Die Psychologie hinter Online Entscheidungen. Wie wird unser Verhalten im Internet gesteuert?
Behavior Patterns sind wiederkehrende Verhaltensmuster, die unser Handeln beeinflussen. Sie sind Grundlage für Entscheidungen und Aktionen, die wir oft intuitiv treffen. Ob im E-Commerce oder im Alltag, diese Muster prägen unsere Reaktionen und stellen Möglichkeiten zur gezielten Beeinflussung dar.
Nutzerführung vs. Manipulation
Die Nutzerführung strebt danach, Nutzer:innen auf eine einfache und effektive Weise zu lenken, um ihr Ziel zu erreichen. Ein benutzerzentrierter Ansatz oder ein Konzept, das den Nutzer in den Mittelpunkt stellt, zeugt somit zunächst einmal von altruistischer Absicht.
Wenn jedoch Manipulation im Spiel ist, geht es darum, die Nutzer:innen zügig und gezielt zu meinem eigenen Ziel bzw. dem des Website-Betreibers zu führen. Denn oft haben Website-Betreiber:innen ein bestimmtes Ziel vor Augen und häufig ist dies von kommerzieller Natur.
Die Übergänge zwischen diesen Ansätzen sind fliessend und die Grenzen sind unscharf. In Situationen, in denen die Absichten des Anbieters und die der Nutzer:innen in Einklang stehen, kann eine Win-Win-Situation entstehen.
Warum aber lassen wir uns gerne anleiten oder sogar manipulieren? Unser Gehirn ist darauf ausgelegt, effizient zu arbeiten. Da rationales Abwägen eine beträchtliche Menge an Energie erfordert, treffen wir oft Entscheidungen auf intuitiver Basis. Dies impliziert jedoch nicht, dass unsere unbewussten Entscheidungen willkürlich zustande kommen. Tatsächlich entstehen sie aus bestimmten Verhaltensmustern – den Behavior Pattern.

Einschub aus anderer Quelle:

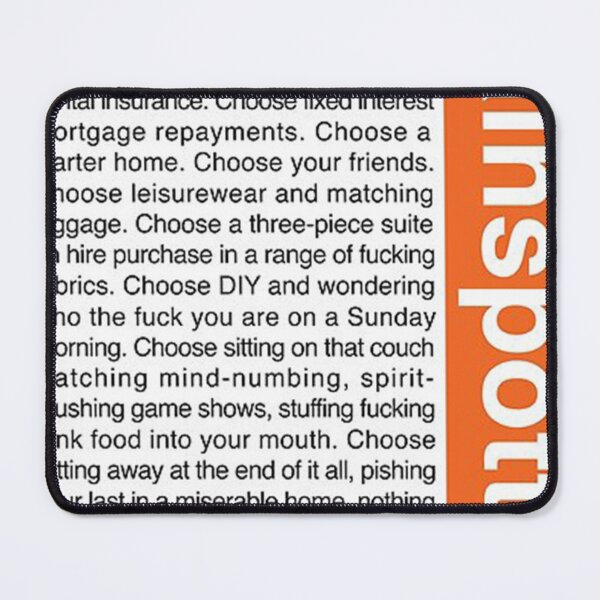 Item preview, Choose life - designed and sold by nanixcan.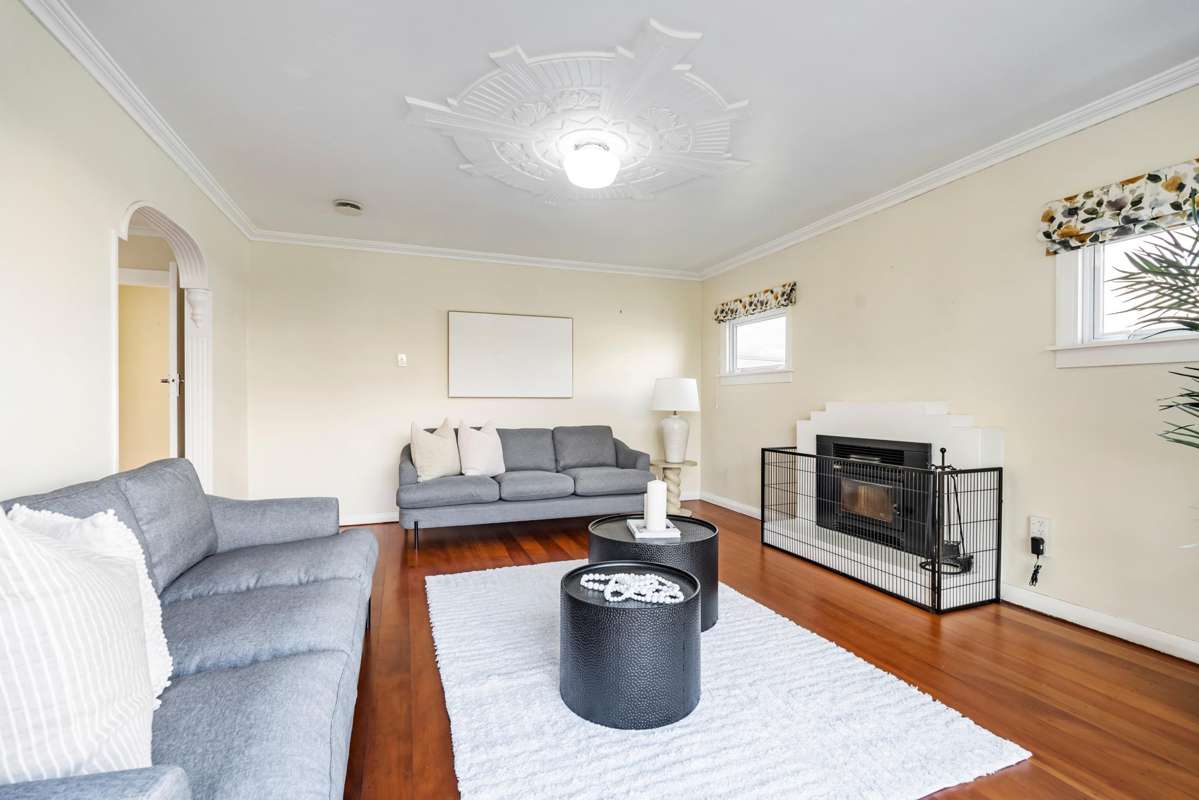 228 Carrington Street_3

Behavior Pattern und Dark Pattern
Es existiert eine Vielzahl von Behavior Pattern, die angewandt werden, um die Benutzerführung und/oder die Conversion zu optimieren. Ebenso auch von deren unseriösen und unethischen Versionen, den «Dark Pattern».
Übrigens ist es im Interesse des Gesetzgebers, uns vor den manipulativen «Dark Pattern» zu schützen. Eine klare Definition steht gegenwärtig noch aus. Dennoch gibt es diverse Varianten von «Dark Patterns», die potenziell unter das Bundesgesetz gegen den unlauteren Wettbewerb (UWG) oder das Datenschutzgesetz (DSG) fallen könnten. Besonders dann, wenn fehlerhafte Informationen zu einem Kauf verleiten.

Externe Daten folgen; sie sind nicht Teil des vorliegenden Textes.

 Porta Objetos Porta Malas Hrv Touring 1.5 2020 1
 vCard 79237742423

https://www.parlament.ch/de/ratsbetrieb/suche-curia-vista/geschaeft?AffairId=20223190
In den folgenden Abschnitten werden einige Beispiele für bekannte «Behavior Pattern» aufgezeigt. Diese könnten Ihnen vertraut sein, selbst wenn Ihnen möglicherweise nicht immer bewusst war, dass Sie beeinflusst wurden.
Angst vor Güterknappheit
Die Angst vor Güterknappheit ist eine emotionale Reaktion, die auf die Sorge vor begrenzten Ressourcen und mangelnder Verfügbarkeit abzielt.
Durch gezielte Verhaltensmuster wie begrenzte Zeitangebote, limitierte Stückzahlen oder «nur noch wenige auf Lager» -Benachrichtigungen wird das Gefühl erzeugt, dass das Produkt knapp ist oder bald nicht mehr verfügbar sein wird. Dies kann dazu führen, dass Kunden spontane Kaufentscheidungen treffen, um die Angst vor einer verpassten Gelegenheit zu vermeiden.
Psychologisch betrachtet reagieren Kunden auf solche Verhaltensmuster, da sie unbewusst von der Angst vor einer vermeintlichen Güterknappheit beeinflusst werden.
Social Proof
Menschen neigen dazu, das Verhalten und die Entscheidungen anderer als Anhaltspunkt für ihre eigenen Handlungen zu nutzen. Dieser Effekt wird genutzt, indem Kundenbewertungen und Testimonials von anderen Nutzer:innen präsentiert werden.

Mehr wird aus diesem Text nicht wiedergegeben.